Task objective: Find the lines in the records below that contain "Image", and report each of them.

[Opening Data shown section]

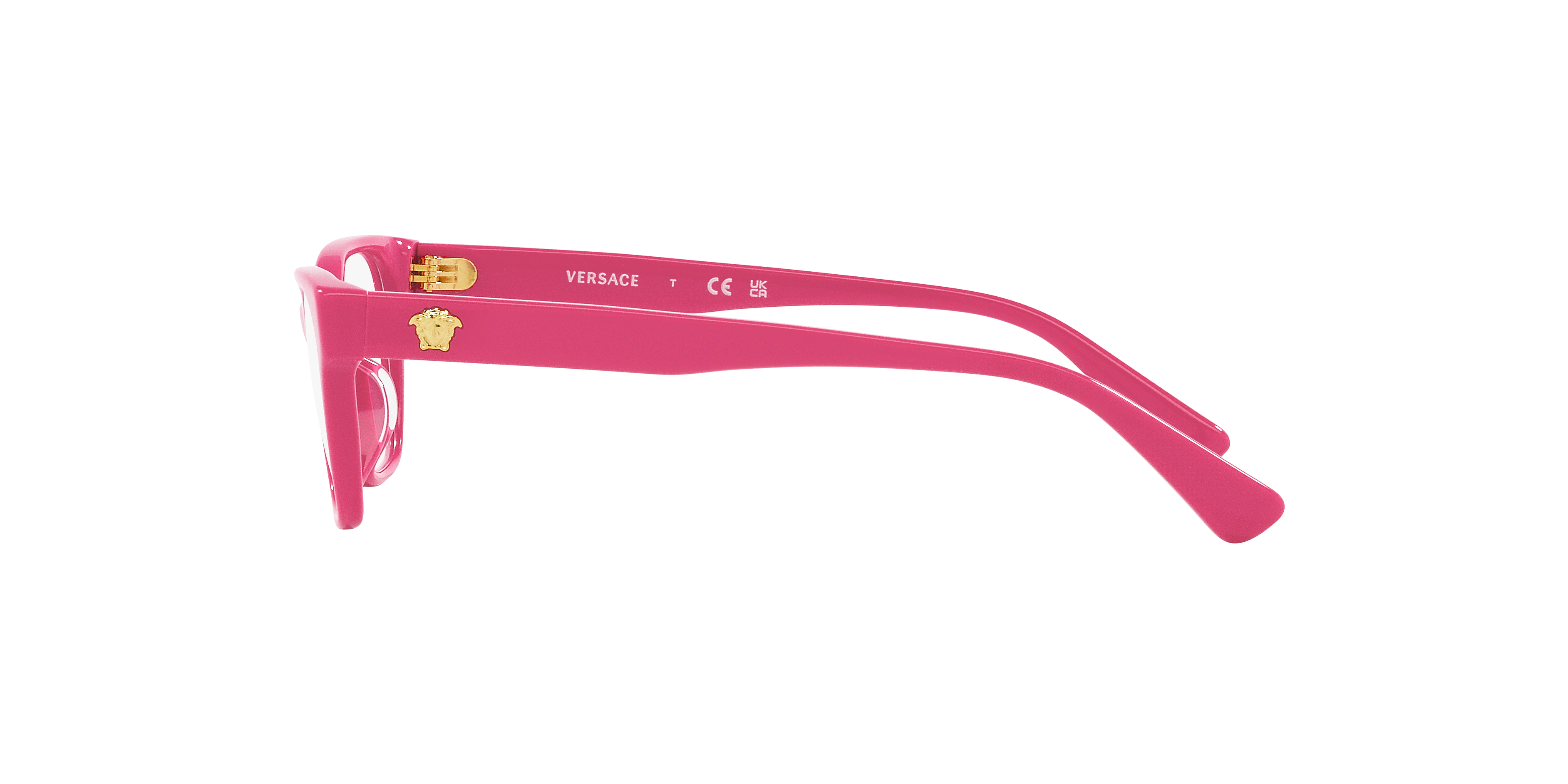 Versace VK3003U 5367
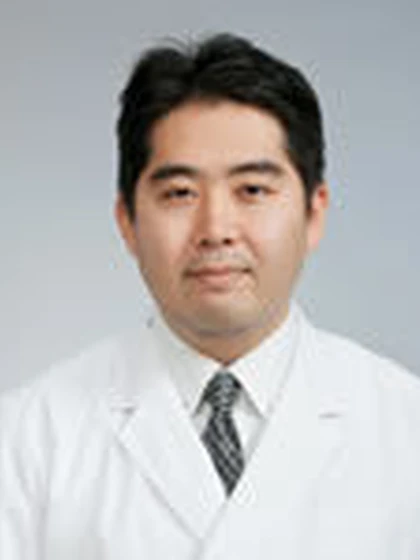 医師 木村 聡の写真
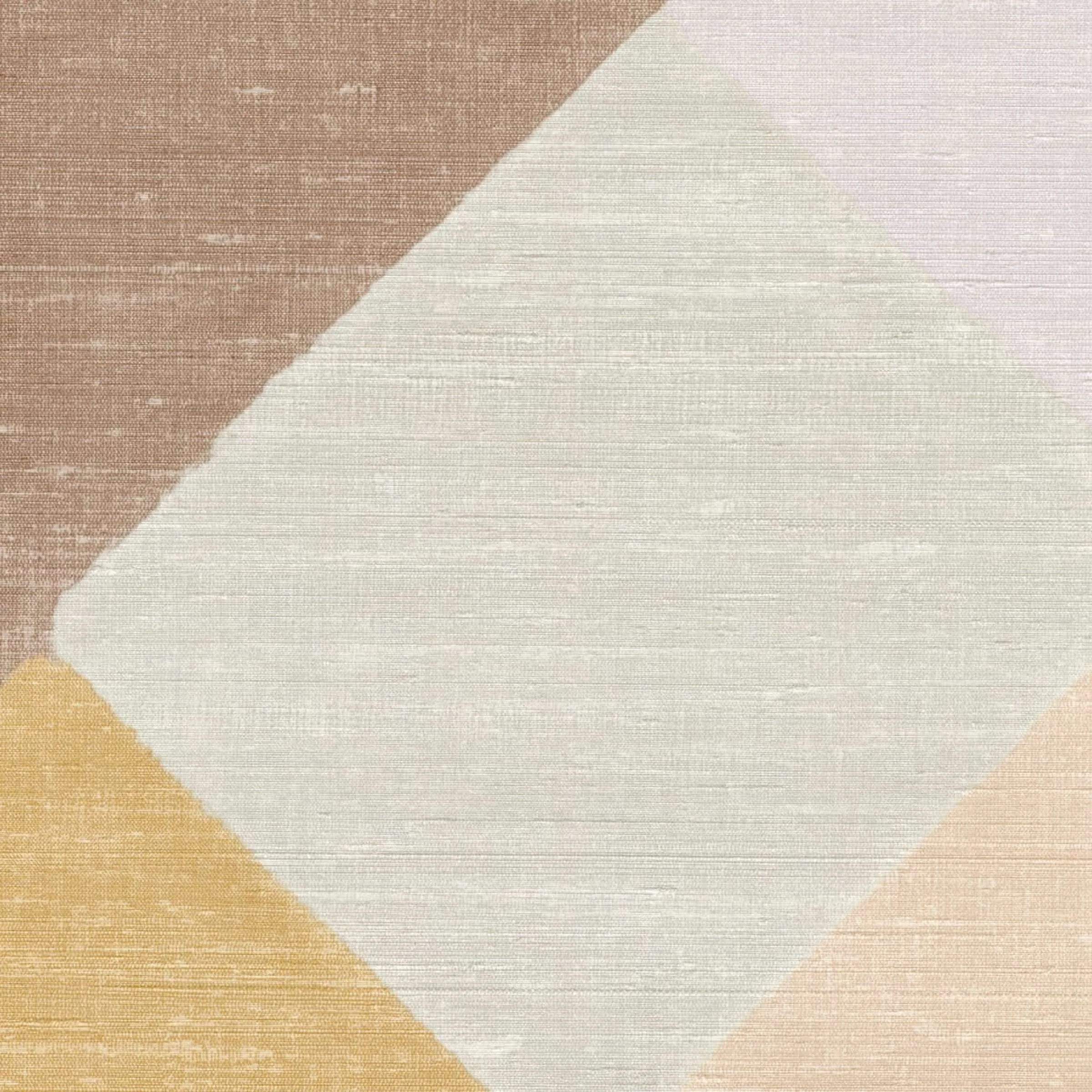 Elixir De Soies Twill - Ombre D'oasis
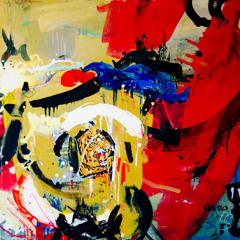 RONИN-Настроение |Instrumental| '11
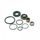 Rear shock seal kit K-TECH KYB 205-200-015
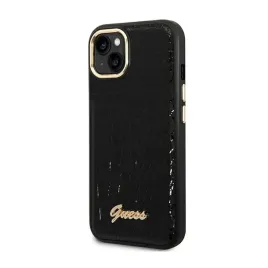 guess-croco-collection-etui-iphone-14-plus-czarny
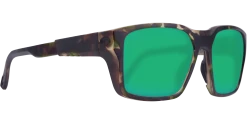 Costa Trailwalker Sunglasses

[Closing Data shown section]
[Opening Data shown section]

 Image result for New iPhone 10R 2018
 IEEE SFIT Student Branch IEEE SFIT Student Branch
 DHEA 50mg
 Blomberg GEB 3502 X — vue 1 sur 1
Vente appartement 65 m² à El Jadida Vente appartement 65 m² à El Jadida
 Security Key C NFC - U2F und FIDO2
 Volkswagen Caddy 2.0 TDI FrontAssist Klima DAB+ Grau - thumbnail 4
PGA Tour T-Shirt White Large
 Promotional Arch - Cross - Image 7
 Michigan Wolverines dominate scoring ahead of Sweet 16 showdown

[Closing Data shown section]

Output of the exercise:
 Image result for New iPhone 10R 2018
 Promotional Arch - Cross - Image 7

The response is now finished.